Nothing but the lines from the one holding "Black portable coffee" through the last line of the material below should be set down, exactly and without images.

** DATASET EXTRACT follows **

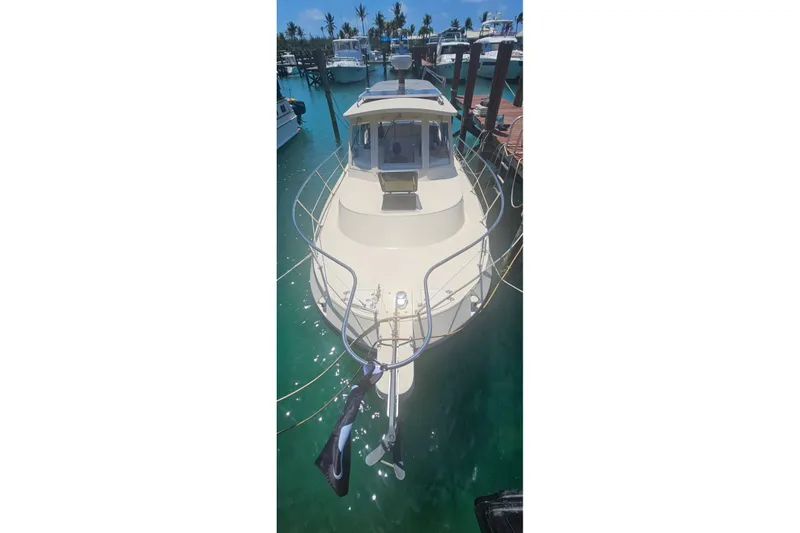 Slide: The Image of 2004 Albin 30 Family Cruiser docked in clear turquoise water. - 6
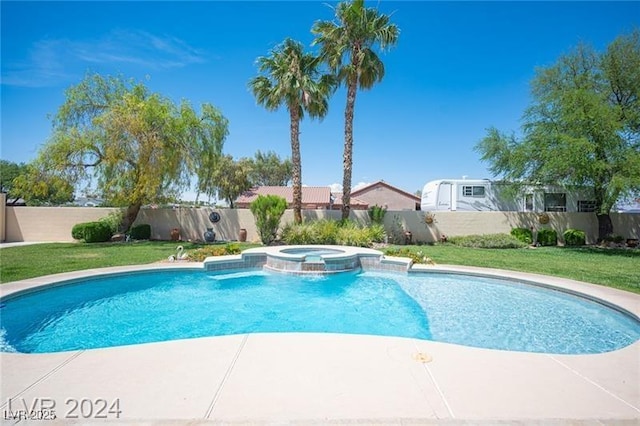 view of swimming pool with a fenced backyard, a pool with connected hot tub, and a lawn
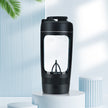 Black portable coffee maker on a white pedestal with a light blue background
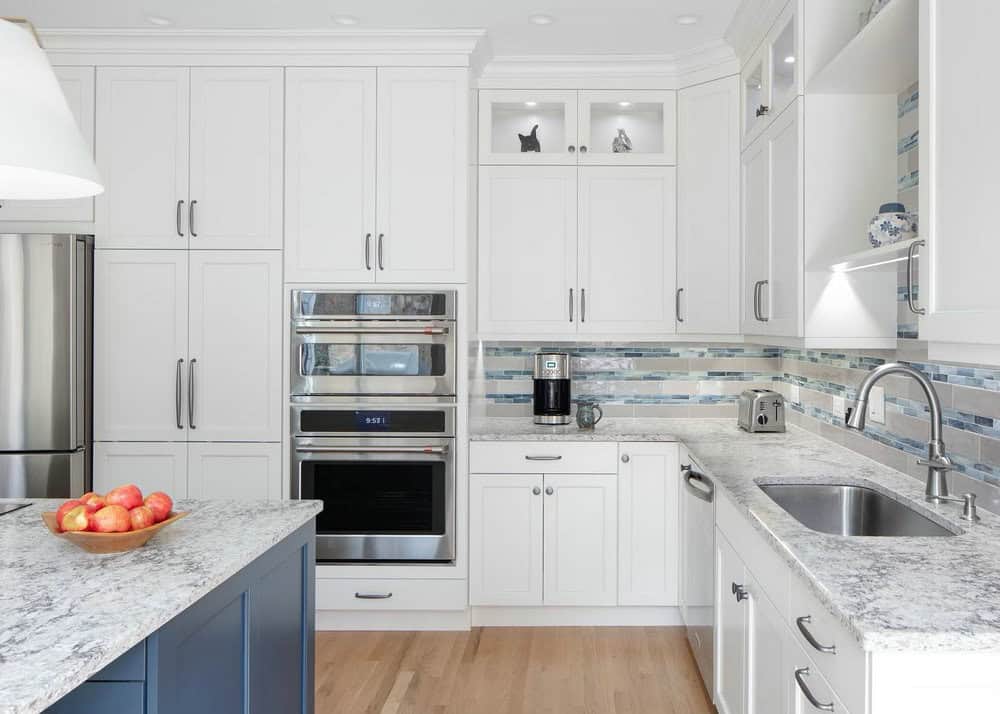 river blue granite with white cabinets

** End of DATASET EXTRACT **

RESULT ->
 Black portable coffee maker on a white pedestal with a light blue background
 river blue granite with white cabinets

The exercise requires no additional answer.